My family and friends have been very supportive throughout, but I think my parents were hit the hardest by my diagnosis. My mum told me recently that she was devastated when I started having seizures as she felt so helpless and she just wanted to protect me.
Whilst I was having seizures I was scared to leave the house. I wasn’t embarrassed by the thought of having a seizure whilst out, I just felt safer at home and knew my family knew what to do if I had a seizure.
Eventually my epilepsy specialist found the medication that was right for me and I have now been seizure free for three years!

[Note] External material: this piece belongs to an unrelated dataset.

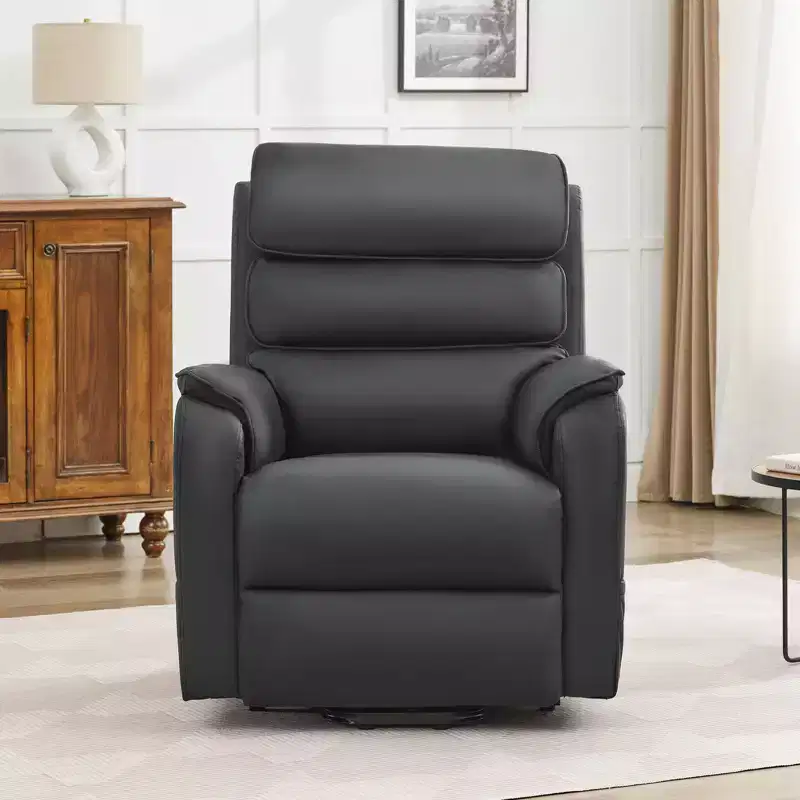 Power Lift PU Leather Electric Recliner Chairs with 2 Side Pockets, Lift Massage Chair with 8-Point Massage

My first connection with the National Society for Epilepsy (NSE) was when I saw a poster at my local hospital asking for volunteers. I gave them a ring and the rest is history. I now volunteer part time for the NSE Schools Awareness Programme which is great fun and very rewarding. The kids are great and really interested in epilepsy and they are amazed when I tell them that I have epilepsy. They seem to have this image of a person with epilepsy and apparently I don’t fit it!
If I could give one piece of advice to anyone who has recently been diagnosed with epilepsy it would be to accept the support on offer. You will feel scared and down but having that extra support really makes all the difference. When I was first diagnosed I just wanted to forget it was happening and get on with my life, but eventually I realised that I did need the support of others. It makes a massive difference when there is someone there to listen.
I think the information and support that NSE offers is fantastic. I think the Epilepsy Helpline and Forum area on the website are the most important services for someone who has just been diagnosed with epilepsy, as they provide the opportunity to talk and to realise you are not alone.
Five years on from my first seizure, I’ve been seizure free for 3 years and I am really happy. I’ve got a great job working behind the bar in a theatre and in my free time I really enjoy rum tasting as it is a big passion of mine.